> [EXERCISE DIRECTIONS]
Could you please repeat the entries below word for word, with the images left out?

▼

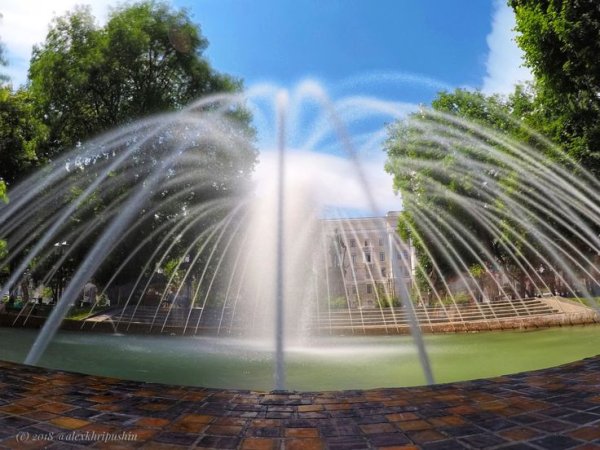 Фонтан Петровский сквер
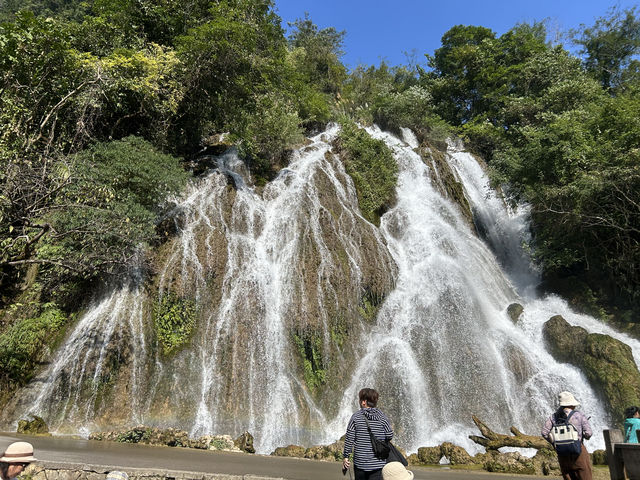 荔波大小七孔一日遊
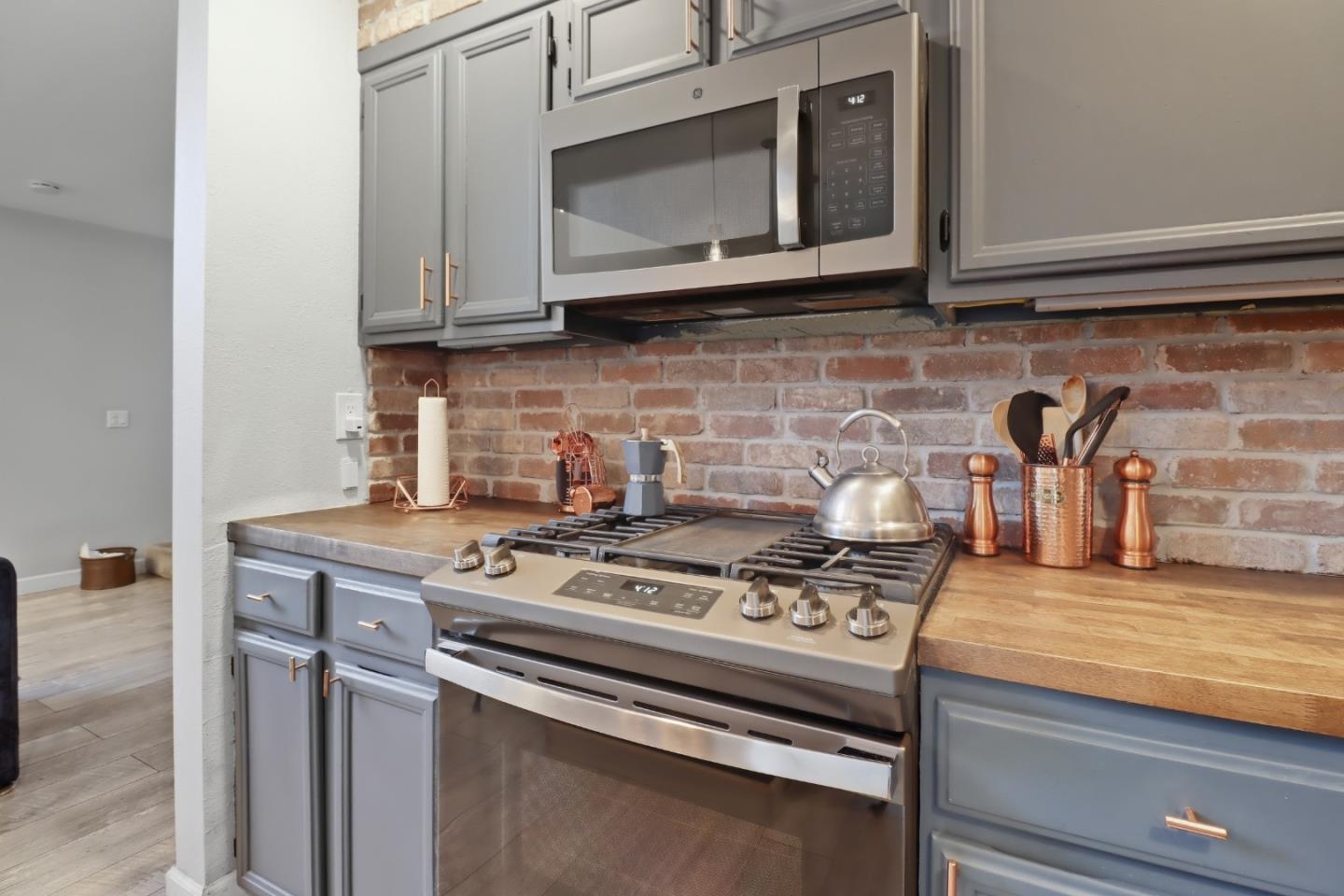 833 South San Thomas Aquino Road L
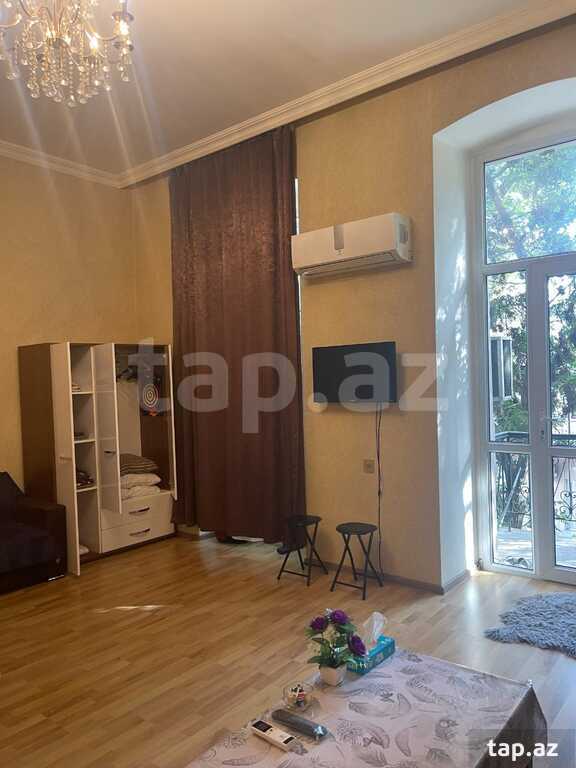 2-otaqlı mənzil kirayə verilir, İçərişəhər m., 66 m²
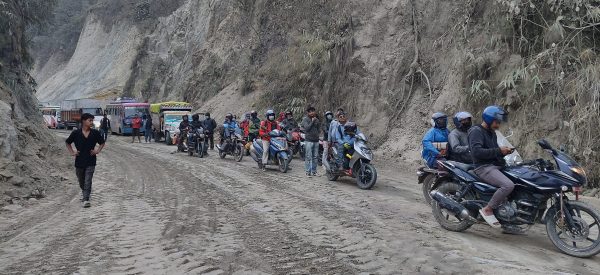 दाउन्ने क्षेत्रको सडक पुनर्निर्माणमा ढिलाइ, यात्रु दिनहुँ कष्ट भोग्न बाध्य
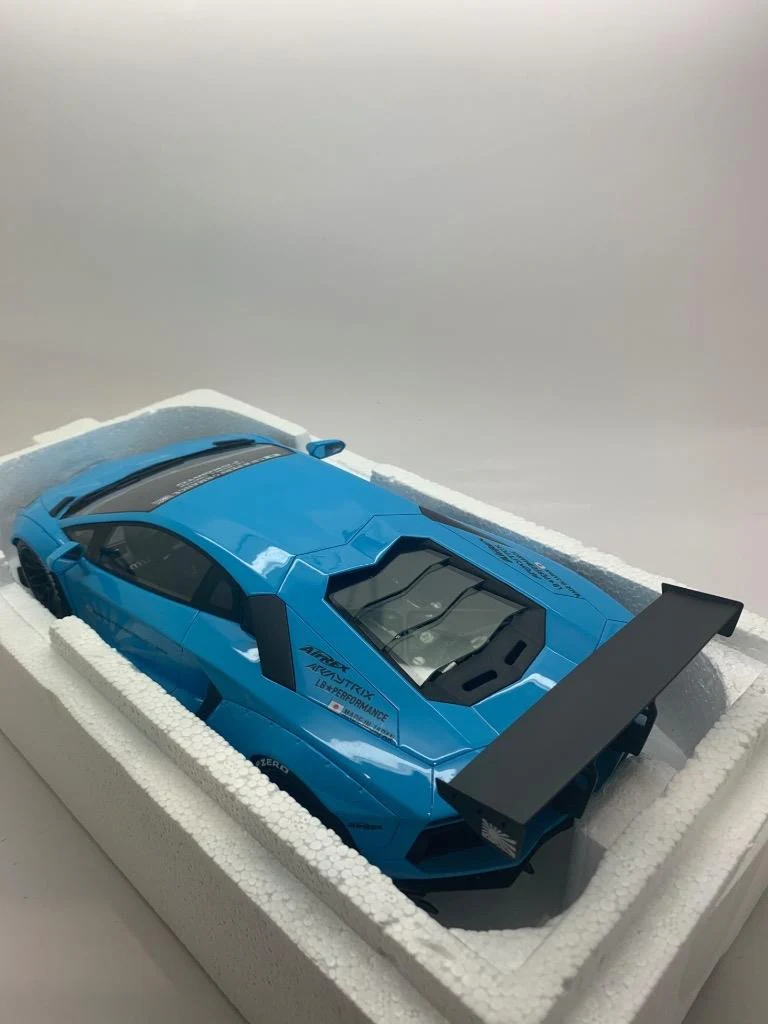 GT Spirit Lamborghini Aventador LP400 LB-Works Baby Blue 1:18 - Image 12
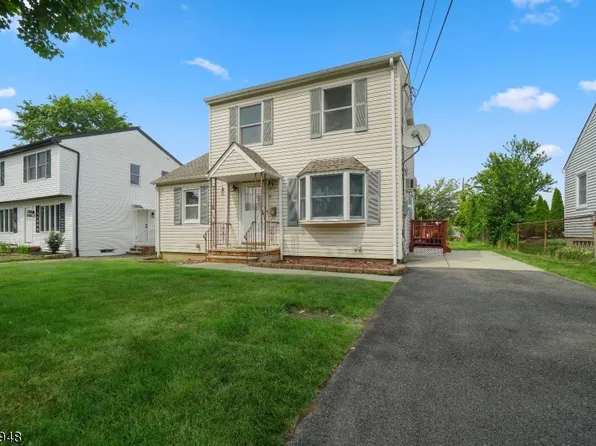 22 Stanley St, Clifton City, NJ 07013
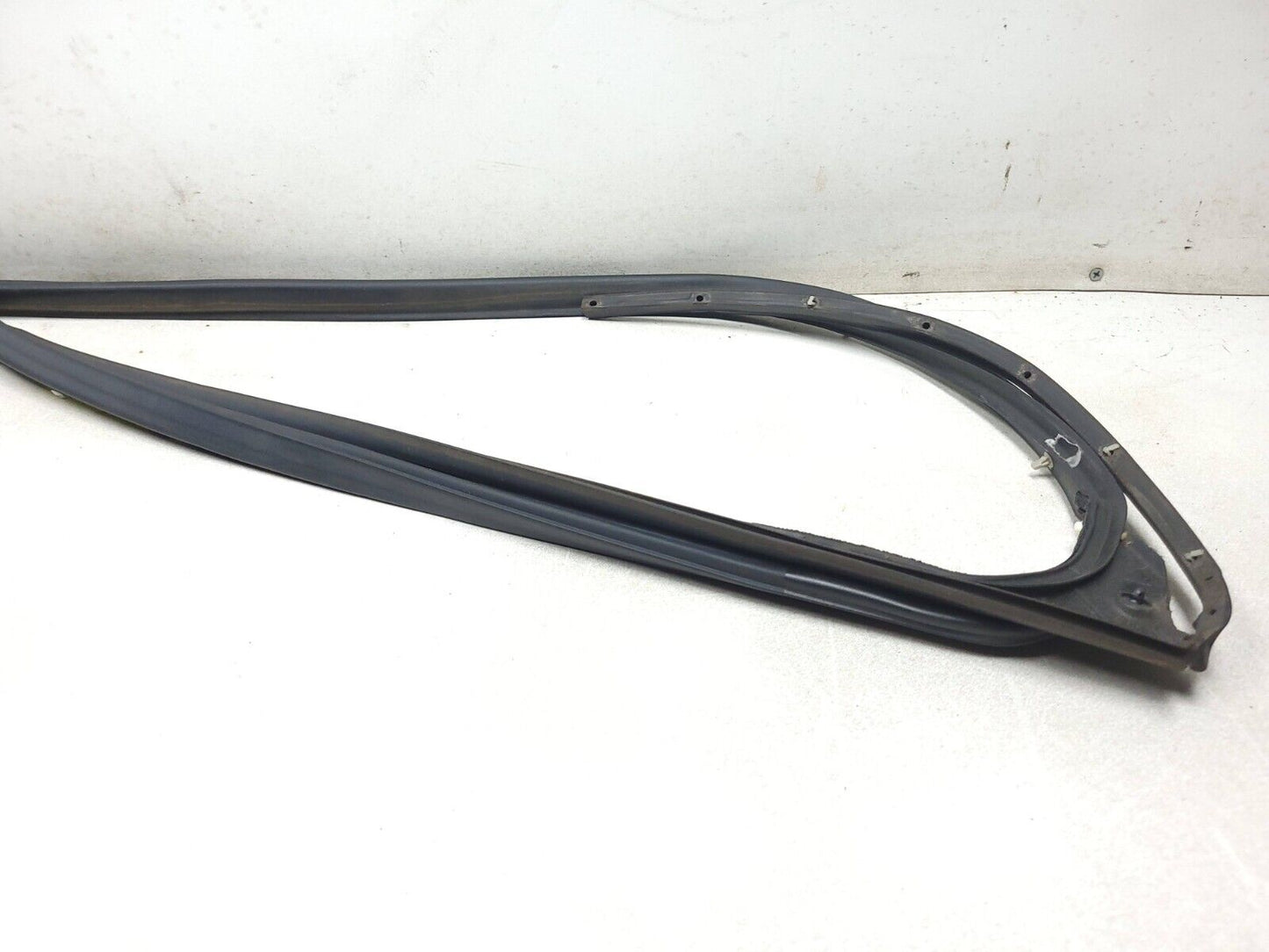 07-09 Mitsubishi Outlander Door Weatherstrip Seal Rear Driver Side Left 2pcs OEM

▲

> [EXPECTED ANSWER]
 Фонтан Петровский сквер
 荔波大小七孔一日遊
 833 South San Thomas Aquino Road L
 2-otaqlı mənzil kirayə verilir, İçərişəhər m., 66 m²
 दाउन्ने क्षेत्रको सडक पुनर्निर्माणमा ढिलाइ, यात्रु दिनहुँ कष्ट भोग्न बाध्य
 GT Spirit Lamborghini Aventador LP400 LB-Works Baby Blue 1:18 - Image 12
 22 Stanley St, Clifton City, NJ 07013
 07-09 Mitsubishi Outlander Door Weatherstrip Seal Rear Driver Side Left 2pcs OEM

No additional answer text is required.